Last year, the OFT announced that it would drop between five and 10 of its current investigations under new criteria designed to reduce its work load. That followed criticism from the National Audit Office about the slow speed of investigations, the way cases are selected and a perceived lack of transparency. Against the backdrop, too, of the consumer concerns that are addressed in the Bill, I thought that the House and the Minister might like to know that the Trade and Industry Committee has decided to launch an inquiry into the OFT to see how effectively it is doing its job. It is a chance for the critics to put up or shut up and for the OFT to prove its case.

James Duddridge: I am sure that that inquiry will be gratefully received. Can my hon. Friend give me an indication of the time scale for evidence being given to that inquiry?

Peter Luff: We have not issued the press release yet, but it will go out very shortly and my announcement in the House may put some pressure on the Committee to make sure that it does. My guess is that we will look for evidence some time towards the end of April, with hearings probably in early May. We regard this area as an important part of consumer protection that has not received enough scrutiny recently. I hope that the House will welcome our decision to conduct the inquiry.
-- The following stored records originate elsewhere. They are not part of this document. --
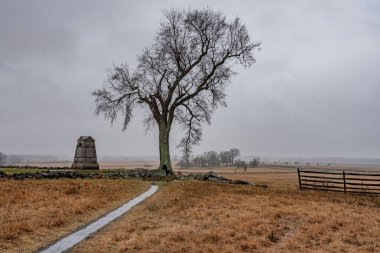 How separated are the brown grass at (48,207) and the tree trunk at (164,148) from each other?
7402 millimetres

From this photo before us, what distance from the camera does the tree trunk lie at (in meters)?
34.4

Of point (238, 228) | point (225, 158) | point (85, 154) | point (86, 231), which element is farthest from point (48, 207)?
point (225, 158)

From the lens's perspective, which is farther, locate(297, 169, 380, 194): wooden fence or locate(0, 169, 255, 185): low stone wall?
locate(0, 169, 255, 185): low stone wall

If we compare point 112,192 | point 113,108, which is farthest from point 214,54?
point 112,192

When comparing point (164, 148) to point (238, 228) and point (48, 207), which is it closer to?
point (48, 207)

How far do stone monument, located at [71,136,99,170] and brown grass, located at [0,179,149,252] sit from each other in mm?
13060

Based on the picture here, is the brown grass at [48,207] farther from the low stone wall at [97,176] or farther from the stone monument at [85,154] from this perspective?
the stone monument at [85,154]

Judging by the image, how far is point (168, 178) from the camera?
105 ft

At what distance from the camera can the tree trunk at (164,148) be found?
34.4 metres

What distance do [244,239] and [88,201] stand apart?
9.28 m

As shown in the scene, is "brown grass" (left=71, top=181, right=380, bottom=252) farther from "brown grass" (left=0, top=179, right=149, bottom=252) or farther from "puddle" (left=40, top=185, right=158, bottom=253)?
"brown grass" (left=0, top=179, right=149, bottom=252)

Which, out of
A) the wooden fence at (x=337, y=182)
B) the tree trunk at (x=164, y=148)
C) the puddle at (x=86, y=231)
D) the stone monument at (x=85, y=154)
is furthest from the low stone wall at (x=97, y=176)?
the puddle at (x=86, y=231)

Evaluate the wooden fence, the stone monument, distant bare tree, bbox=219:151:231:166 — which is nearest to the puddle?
the wooden fence

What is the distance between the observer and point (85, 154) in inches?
1518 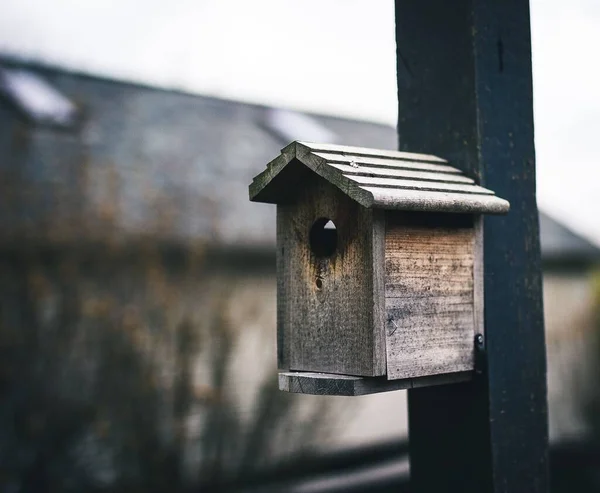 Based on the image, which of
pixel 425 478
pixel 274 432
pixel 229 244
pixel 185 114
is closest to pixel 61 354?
pixel 274 432

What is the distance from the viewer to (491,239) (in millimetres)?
2020

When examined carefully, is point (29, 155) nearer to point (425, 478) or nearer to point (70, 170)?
point (70, 170)

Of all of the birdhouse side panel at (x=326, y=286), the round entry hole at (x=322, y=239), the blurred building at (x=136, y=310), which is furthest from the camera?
the blurred building at (x=136, y=310)

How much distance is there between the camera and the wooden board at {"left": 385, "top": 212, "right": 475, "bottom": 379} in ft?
6.16

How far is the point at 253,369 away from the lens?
8.09 metres

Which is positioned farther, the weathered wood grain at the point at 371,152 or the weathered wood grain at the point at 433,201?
the weathered wood grain at the point at 371,152

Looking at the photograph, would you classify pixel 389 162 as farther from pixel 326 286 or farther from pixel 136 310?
pixel 136 310

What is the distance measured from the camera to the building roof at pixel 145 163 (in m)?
5.79

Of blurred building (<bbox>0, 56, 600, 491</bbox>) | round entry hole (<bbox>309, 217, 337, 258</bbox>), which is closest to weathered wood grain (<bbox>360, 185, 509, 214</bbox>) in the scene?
round entry hole (<bbox>309, 217, 337, 258</bbox>)

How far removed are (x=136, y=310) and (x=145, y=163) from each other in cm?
297

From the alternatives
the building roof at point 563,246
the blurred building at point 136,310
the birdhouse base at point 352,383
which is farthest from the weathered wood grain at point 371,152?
the building roof at point 563,246

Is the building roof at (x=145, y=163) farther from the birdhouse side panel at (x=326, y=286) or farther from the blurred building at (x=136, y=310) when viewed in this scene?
the birdhouse side panel at (x=326, y=286)

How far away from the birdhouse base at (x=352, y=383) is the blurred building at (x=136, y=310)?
3888 millimetres

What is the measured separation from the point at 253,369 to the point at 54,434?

I have spoken for quite long enough. This is an important Bill and I welcome the spirit of what it tries to do. My caveats and cautions are genuinely intended in the spirit of helpfulness. The House should embrace quite warmly the philosophy underlying the Bill, but there are important questions relating to the transition to the new environment and I hope that the Minister will be able to address those when he replies to the debate later.

6.21 pm

Laura Moffatt (Crawley) (Lab): Thank you, Mr. Deputy Speaker, for calling me to speak in this important debate. I hope to make a short contribution to what is widely seen as an excellent Bill that addresses many of the issues that face consumers. After several decades, this is our opportunity to do that. I know that the general public very much welcome what is happening.